Archive for the ‘ebooks’ Category

Google’s big fib on ebook portability

Sunday, December 5th, 2010

GizmoCrunch writes: The Google eBook ecosystem will be accessible to smartphones, tablets, PCs and even web browsers, leaving it open to the majority of the public unlike other alternative such as Amazon store’s eBooks which mainly run on the Amazon Kindle only.

The truth is actually the reverse. Amazon’s Kindle apps run on iPhones, iPads, Android phones and pads, PCs, Macs and other smart phones. Amazon’s advantage is that their technology is based on HTML and so reflows naturally on all platforms while Google’s PDF based technology deals poorly with reflow and so tends to require pan and scan reading on smaller devices.

In spite of using PDF for storage, Google Books runs inside browsers and so is supported on a few platforms that Amazon has not bothered to write Kindle apps for, like Linux desktops.

If Google had gone for EPUB instead they could have claimed the high ground on platform coverage, but as it is there is a difference between being able to read a book on a platform and being able to read a book comfortably on that platform.

Apps as an end-run around e-book publishers

Monday, October 25th, 2010

The New York Observer writes that Electric Publisher is offering a new alternative for e-book publishing. That is the e-book as a stand alone app.

This is of course not all that new as e-books as applications were offered long ago in the age of floppy disks.

Google accounts key to e-book scheme

Tuesday, July 6th, 2010

Google Editions Allies with ABA in Ebook War vs.
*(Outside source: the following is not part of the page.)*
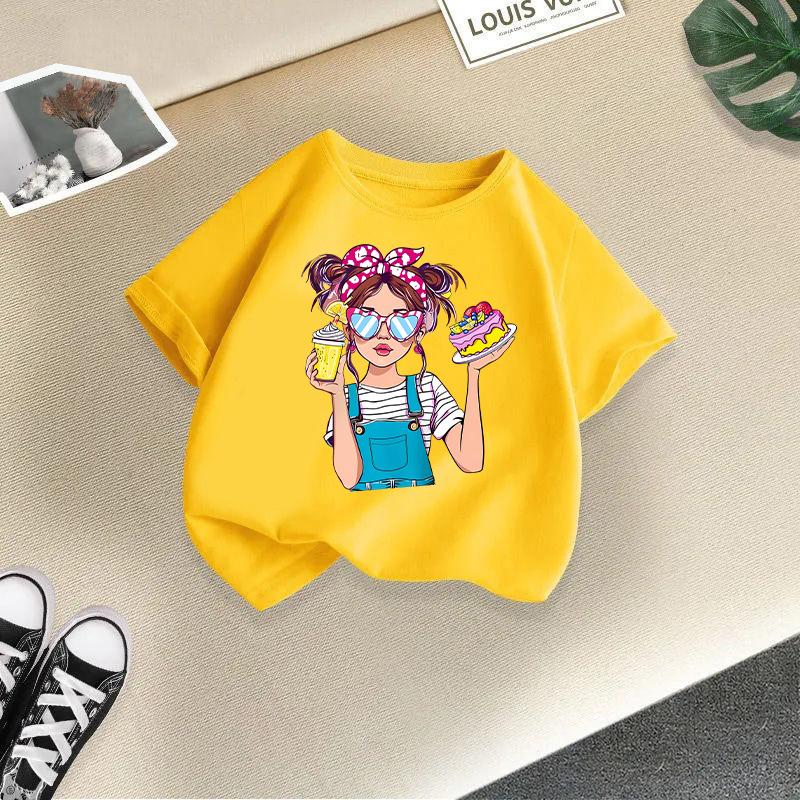 Kid T Shirt Cool Girl Printed Children T-shirt Kids 100% Cotton Clothes 2-13Y T-shirt Top Boys Girls Baby Tee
Amazon, Apple

Readers will use their Google accounts to purchase the books directly from Google, whose Google Checkout system will serve as the payment platform.
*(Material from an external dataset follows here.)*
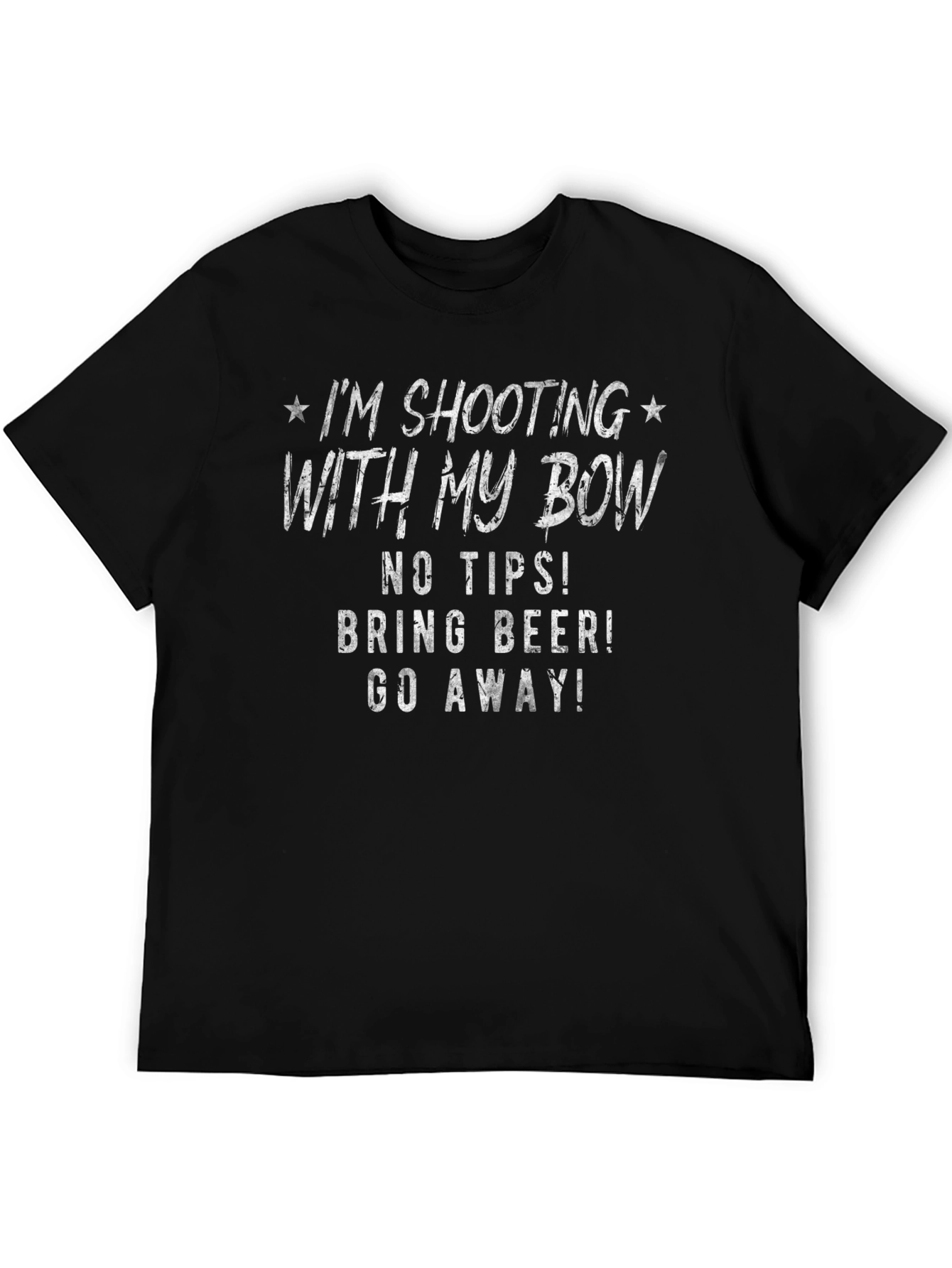 Black Shooting Bow T-Shirt - No Tips, Bring Beer view 5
This is the point that seems to being overlooked by the media. The real battle is between the consumer’s iTunes account and their Google account. Apple and Google own their customers in a way that Amazon can’t match.

Cisco prescribes tablet for Health Care industry

Wednesday, June 30th, 2010

Cisco is attempting to avoid a direct comparison with the iPad by targeting their Clus tablet as a vertical market platform.

“Cius is aimed at markets in technologically transitional stages, such as education and healthcare.”

The advantage of not having thousands of “cool” apps for your platform is that the worker bees will be less tempted to use them for non-work activities.

Video enhanced eBooks for the iPad

Tuesday, June 29th, 2010

As PC World notes, the first video enhanced ebooks “are similar to special features you’d find on a DVD.”

Pity that Amazon’s own devices can not support the rich content they can offer on the iPad.